Verity Jane, in Gibson’s new novel, Agency (Jane is her surname, as in Jane’s Fighting Ships), is the same sort of age (33) as Cayce and has the same sort of niche job: she is an ‘app whisperer’, according to her Wikipedia page, a ‘beta tester with a wild talent’ and a ‘reputation for radically improving product prior to release’. She lives in San Francisco, sleeping on a friend’s sofa since she split up with her last boyfriend, a billionaire tech venture capitalist called Stetson Howell (echoes there of Bigend, who wears a ‘chocolate brown Stetson’ hat), and has just been hired by a company called Tulpagenics to test a new piece of kit: a pair of glasses, earpiece and phone, loaded with or connected to a digital assistant called Eunice (‘No last name. Siri and Alexa don’t have them either, but the resemblance stops there’). Eunice is sentient, passing the Turing test with flying colours. Verity wonders if ‘there’s not someone somewhere doing Eunice,’ but there isn’t. She – Verity begins to think of Eunice as ‘she’ almost immediately – is an artificial intelligence, whose origins are mysterious, though almost certainly military, and her arrival in Verity’s life is about to make it a lot more complicated.

Conscious computer programs aside, Verity’s world seems at first to be recognisably the same as ours.
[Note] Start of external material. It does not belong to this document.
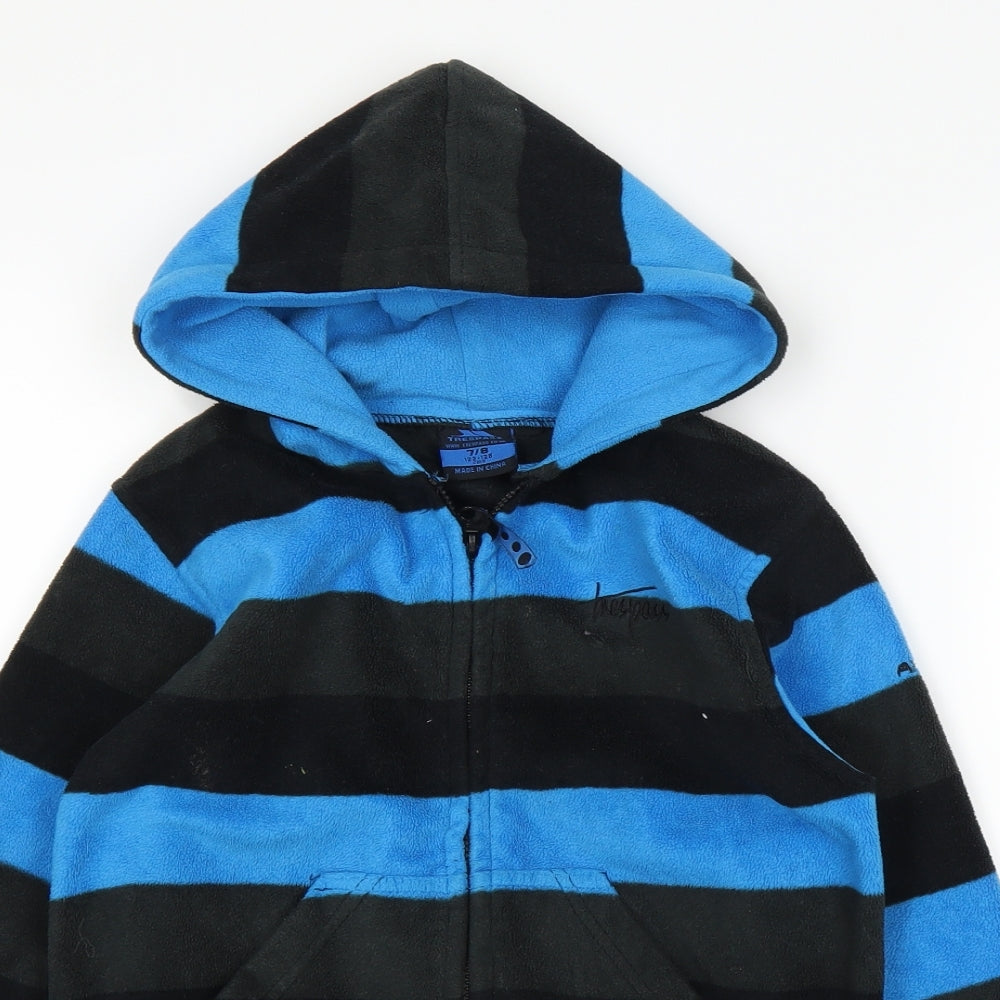 Tresspass Boys Blue Striped  Pullover Hoodie Size 7-8 Years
The three novels Gibson wrote in the 1980s, Neuromancer, Count Zero and Mona Lisa Overdrive, which form a loose trilogy, are set in a speculative future, a dystopian, post-Third World War, hi-tech mid-21st century. The three novels he wrote in the 1990s, Virtual Light, Idoru and All Tomorrow’s Parties, are set in a nearer future, the early 21st century, after San Francisco and Tokyo have been hit by earthquakes. The three novels he wrote between 2003 and 2010, Pattern Recognition, Spook Country and Zero History, are set in the here and now, or the there and then. It’s an impressive body of work – daunting, even, if it weren’t such fun to read – and curiously coherent, three trilogies written over three decades, all concerned with the development of artificial intelligence and the ways people interact, or interface (Gibson has said he ‘swooned’ the first time he overheard computer programmers, in Seattle in the early 1980s, use ‘interface’ as a verb) with machines, zooming back in time towards us from an imaginary future. Gibson is often hailed as a prophet of the internet age, having coined the word ‘cyberspace’ in a short story in 1982, but he’s the first to downplay the idea, and by the time Spook Country came out in 2007, the 2006 imagined in Virtual Light had already failed to come to pass.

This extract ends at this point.